During the pandemic, public sector organisations have demonstrated extraordinary resilience, delivering essential services in the toughest of circumstances. For many local authorities, years of slow, careful adaptation to digital technology were fast-forwarded in a matter of weeks, with cultural obstacles vanishing as employees shifted to remote working wherever possible.
This accelerated digital transformation also changed engagement with residents, enabling many organisations to shift to an improved and more personalised digital citizen experience. Modernising their infrastructure, moving to the cloud, using agile digital services on the front end plus capturing and analysing data on the back end has allowed more UK public sector organisations to improve interactions with their citizen customers. So how can local authorities sustain this digital transformation momentum moving forwards?
Meeting citizen expectations
The last year has forced a “digital first” mindset across both the public and private sectors. As a result, citizens’ expectations around digital services have only increased. There will be no turning back.

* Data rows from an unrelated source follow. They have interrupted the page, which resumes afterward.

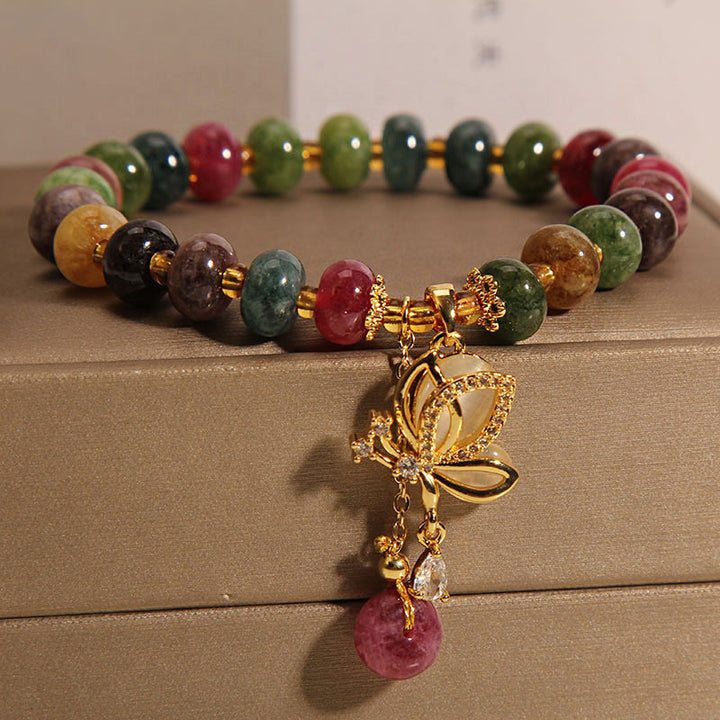 Buddha Stones Kolorowy Turmalin Motyl Charm Bransoletka Mądrości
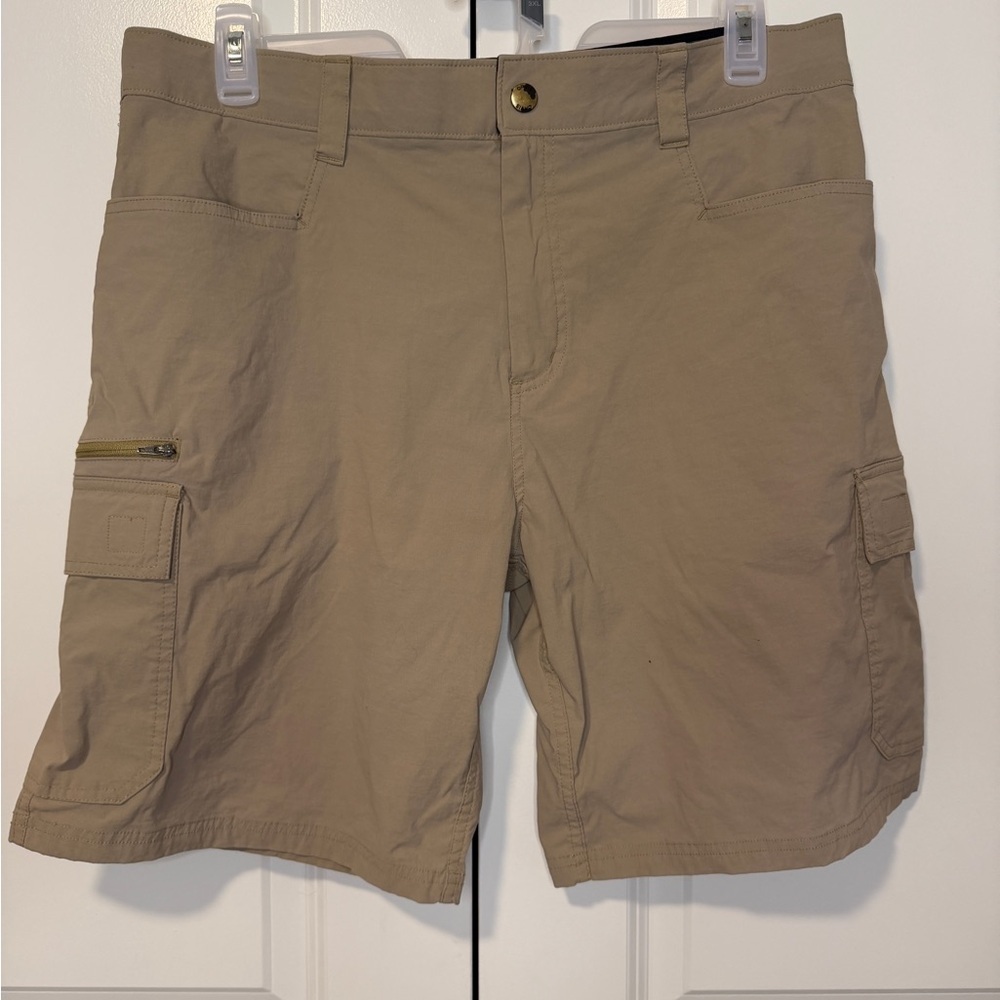 Orvis Men’s Cargo Hiking Shorts 36 Khaki Zip Pocket Outdoor Travel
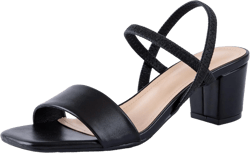 N.N.G Women Heels Sandals Ankle Strappy Roman Gladiator Festival Adjustable Chunky Boho Beach Goddess Vintage Italian Summer Casual Vacation Low Heel Chunky Block Leather Casual Square toe 9 Black/2'' Elastic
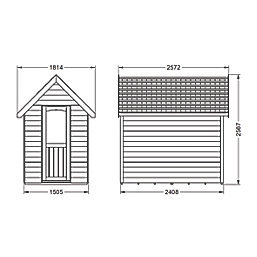 Forest FRA58GYIN 5' 6" x 8' 6" (Nominal) Apex Overlap Timber Shed with Assembly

As citizens’ expectations evolve, so must the experiences that the public sector delivers. As demonstrated by the EY Connected Citizen survey, most people anticipate making more use of technology in their daily lives in future after experiencing the changes which took place during the pandemic. Yet the same research shows governments have more to do if they are to meet citizens’ expectations for better service delivery.
Our own research found that progress is being made – 40% of local authorities have digitalised the majority (76-99%) of the information they store and manage for citizens. Yet over a quarter (27%) of UK citizens are still unable to access their own digital records online.
The pressure is on for local authorities to offer digital services that are effective, relevant and targeted to citizen groups and individuals, while remaining within budget. Ultimately, the public sector now needs to expand its thinking – learning from the transformation it has undergone during the pandemic and continuing to take a more holistic approach. Embracing the cloud and digital technologies as well as cultural change will be key to incorporating new ways of working and improving citizen engagement.
Data drives the digital customer experience
Delivering a complete, streamlined, positive citizen experience has to start from the back office. Local authorities won’t get far by connecting technology which offers a great user experience with a poor service delivery vehicle, and calling it a modernised citizen experience.
Instead, data is at the core of digital customer experience. Local authorities have to find ways to use the data available to them more intelligently. Doing so allows them to create better services and deliver efficient, omnichannel engagements in a cost-effective way.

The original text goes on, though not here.